And the conversion data backs it up: ecommerce sites with quality localization see 20-40% higher conversion rates compared to English-only versions.
Let’s do some quick math. Say you’re an ecommerce company doing $500,000/year in a market where you sell in English only. If localization bumps your conversion by even 20% (the low end of the range), that’s an extra $100,000 in revenue. Website localization for one language costs $5,000-15,000 for most mid-size sites. The payback period? A few weeks to a few months, depending on your traffic.
Compare that to the cost of not localizing: CSA Research found that 40% of consumers will never buy from a site in a language they don’t understand. You’re not just missing out on a conversion bump - you’re invisible to a huge segment of potential customers.
For businesses selling physical products, there’s an additional dimension: translating customs and trade documents is a prerequisite for getting your products into the market at all. The marketing translation is what sells them once they arrive.
Localization ROI by market entry stage¶
| Stage | Investment | Expected return | Timeline |
|---|---|---|---|
| Website + product descriptions | $5,000-25,000 | 20-40% conversion lift | 1-3 months |
| Ad campaign localization | $2,000-10,000 | Lower CPA, higher CTR | Immediate |
| Full brand transcreation | $10,000-50,000 | Brand recognition and trust | 6-12 months |
| Ongoing content localization | $1,000-5,000/month | Sustained organic growth | 3-6 months for SEO impact |
The hybrid approach: AI + human for different content types¶
The smartest companies in 2027 aren’t choosing between AI and human translators - they’re using both strategically. The trick is knowing which content gets which treatment.

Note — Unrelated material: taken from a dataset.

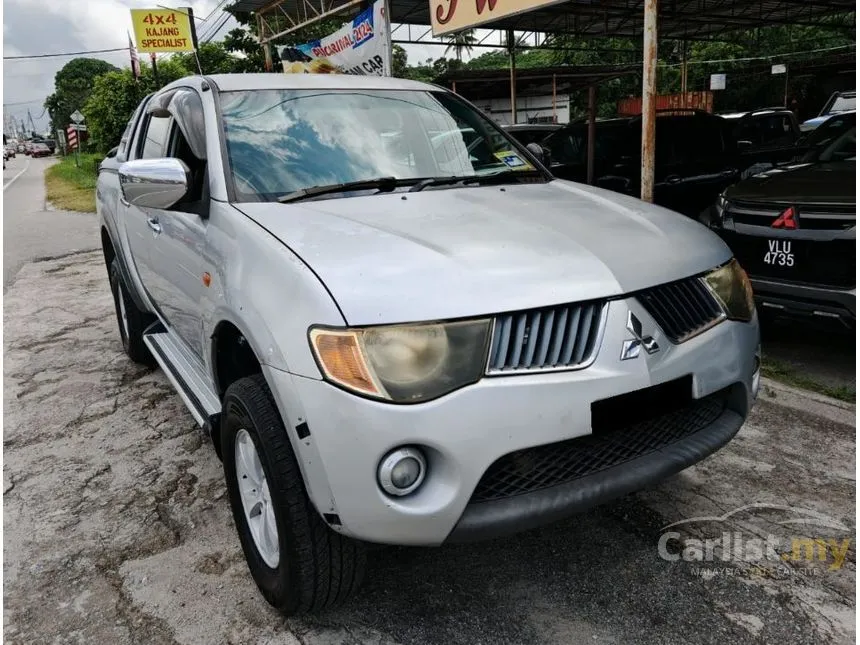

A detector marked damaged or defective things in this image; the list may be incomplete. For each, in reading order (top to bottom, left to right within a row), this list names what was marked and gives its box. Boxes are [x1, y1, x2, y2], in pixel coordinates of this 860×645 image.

cracked concrete ground [3, 250, 856, 644]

For technical product descriptions with straightforward language, AI translation with human post-editing (MTPE) delivers solid results at 40-60% of the cost of full human translation. ChatsControl makes this workflow practical - you upload a document and get an AI-generated first draft that a human editor can then refine.
For marketing emails and blog content, the hybrid approach still works but requires heavier human editing. The AI handles structure and basic meaning, while the human reshapes tone, injects cultural relevance, and polishes the copy.
For slogans, taglines, and brand messaging? Skip the AI entirely. Go straight to a human transcreator. These are the highest-stakes texts in your marketing, and they need to be crafted, not translated. We’ve written about how AI and human workflows integrate in detail if you want to explore this further.
Cost optimization matrix¶
| Content type | Recommended approach | Cost vs. full human | Quality level |
|---|---|---|---|
| Technical product specs | AI + light editing | 40-50% savings | 90-95% of human quality |
| Product descriptions (marketing) | AI + heavy editing | 25-35% savings | 85-90% of human quality |
| Blog posts | AI first draft + human rewrite | 20-30% savings | Depends on editor |
| Email campaigns | Human with AI assistance | 10-20% savings | Near-human quality |
| Ad copy / landing pages | Human only | No savings (but worth it) | Full quality |
| Slogans / branding | Transcreation (human only) | Premium pricing | Maximum impact |
The key insight: don’t apply the same approach to all your content. Segment by content type and risk level. A mistranslated product spec is annoying. A mistranslated slogan can cost millions - just ask HSBC.
For a deeper look at when machine translation is good enough and when it’s not, see our article on machine translation for small businesses.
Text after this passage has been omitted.